What La Glorias are particularly good, I've never tried that brand? The Cask, Medaille, Series R, etc?


----------



## Dread (Oct 16, 2009)

Im a big fan of the Wavell Maduro, they are smooth yet medium to full bodied and not harsh in the least. And a box of 25 can be had for $75 on CI so at $3 a stick they are a steal.


----------



## Arnie (Jan 5, 2009)

A surprisingly good cigar for around 3 bucks a pop is the Flor De A Allones from JR.

The CI Legends has some good smokes for around 2.50 to 3 dollars on Cbid. Try the Pepin, Perdomo or Camacho.

I also like the El Rey Del Mundo Robusto Oscuro.

The Punch lines are hard to beat. The Elites are right around 2 bucks per.

Try the Gran Habano 3 Siglos on sale at CI. Very good smokes at about 2.50, I think, right now. Also from Gran Habano is their Corojo #5, the Robusto is right at 3 dollars lately. 5x52 size.

There are a ton of good, [maybe not super-premium] cigars in that range.


----------



## fuente~fuente (May 11, 2009)

Right now, for the dough, IMO... The Pepin *Tobacos Baez Serie SF* is my fave!!!

Just under $3 a pop... You will not be sorry!


----------



## montecristo#2 (May 29, 2006)

Padron Londres Maduro or Natural - both great cigars for the money.


----------



## scottwpreston (Oct 11, 2009)

Dread said:


> Im a big fan of the Wavell Maduro, they are smooth yet medium to full bodied and not harsh in the least. And a box of 25 can be had for $75 on CI so at $3 a stick they are a steal.

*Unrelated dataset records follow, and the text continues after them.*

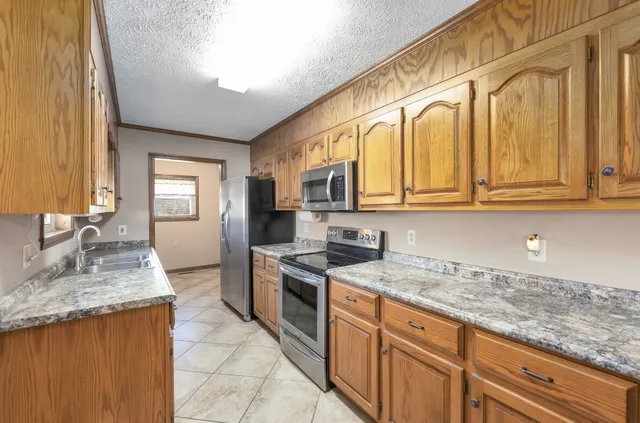a kitchen with stainless steel appliances granite countertop a sink stove and cabinets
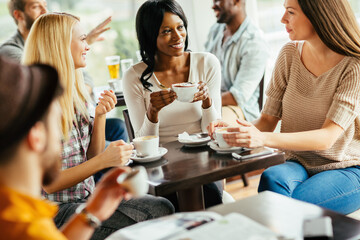 Diverse young women drinking coffee in busy cafe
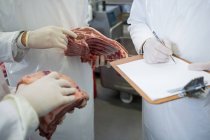 Mid section of butchers maintaining records on clipboard at meat factory — Stock Photo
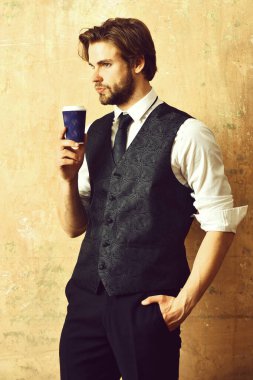 Takım elbiseli bir iş adamının elinde kahve kağıdı.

I second that, the nat's are good too and RP Vintage 92 seconds from CI are a the best I've found, just a bit over $3.:rockon:


----------



## asmartbull (Aug 16, 2009)

montecristo#2 said:


> Padron Londres Maduro or Natural - both great cigars for the money.


+ 1 On the padron

And I think you have to put the 
Diesel Unholy Cocktail in @ 3.00
On a blind test 4 of 5 said they thought it was a 7.00-8.00
stick.
One said hey would buy them all day long at 3.00,,but that was it


----------



## dennis569 (Jan 16, 2007)

The Cu-Avana Intenso tastes quite a bit like the Diesel but a little smoother imo.
Cigar.com Primeros line for really cheap but good.
A couple years ago there was a lot of talk about the Cigar Factory Outlet. (CigarFO.com)
Their sticks are in the 1.50 range and pretty decent.


----------



## c0i (Dec 14, 2009)

For a cheap daily smoke I like the Sancho Panza Double Maduro. Not a fan of there other blends, but I find this is a pretty decent smoke for the price.


----------



## KetherInMalkuth (Dec 17, 2009)

That's a hell of a list there, can't wait to try some of these. Specifically gonna find some of the Padron Londres, La Gloria Cubana Wavell Maduros, and Flor de Oliva Maduro. Should keep me busy for a while, hope this helped any others out with ideas as well.

List so far:
5 Vegas "A" Series
Perdomo Fresco Maduro & Conn
AF Curly Head Deluxe Maduro
Cu-Avana Maduro Toro & Intenso
Flor de Oliva Bundles - Nic in Nattie & Maduro, Gold with conny wrapper & corojo
El Meyor Emerald & Espresso
La Gloria Cubana Wavell Maduro +1 & Nat
Flor De A Allones from JR
CI Legends Pepin, Perdomo or Camacho.
El Rey Del Mundo Robusto Oscuro.
Punch Elites
Gran Habano 3 Siglos & Corojo #5 Robusto
Don Pepin Tobacos Baez Serie SF
RP Vintage '92 seconds 
Padron Londres Maduro or Natural +1 
Diesel Unholy Cocktail
Primeros from Cigar.com
CigarFO.com
Sancho Panza Double Maduro


----------



## Deemancpa (Nov 28, 2009)

The best stick I've had in this price point was the Benchmade by Ashton nad blended by Don Peppin Garcia. Deeman


----------



## Arnie (Jan 5, 2009)

Nice list of smokes you've got there, Brad. When you have tried all those, re-post and the folks here will give you another 20 or 30 ideas. This forum has greatly increased my knowledge of cigars. It's endless. And that's the fun!


----------



## dmisc (Dec 1, 2009)

I second Flor de Oliva Bundles.


----------



## JazzItUp4u (Apr 4, 2009)

I really enjoy the el credito bundle cigars. They run around two bucks a stick when you buy the whole bundle and they really are great tasting. I've been told that they are La Gloria Cubana seconds, but I am not sure. Give them a try if you run across them.. They are worth it.


----------



## dmisc (Dec 1, 2009)

asmartbull said:


> + 1 On the padron
> 
> And I think you have to put the
> Diesel Unholy Cocktail in @ 3.00
> ...


Just wondering where you can find Diesel Unholy Cocktail @ 3.00. I hear a lot of good stuff about this cigar and would like to try one.


----------



## KetherInMalkuth (Dec 17, 2009)

Arnie said:


> Nice list of smokes you've got there, Brad. When you have tried all those, re-post and the folks here will give you another 20 or 30 ideas. This forum has greatly increased my knowledge of cigars. It's endless. And that's the fun!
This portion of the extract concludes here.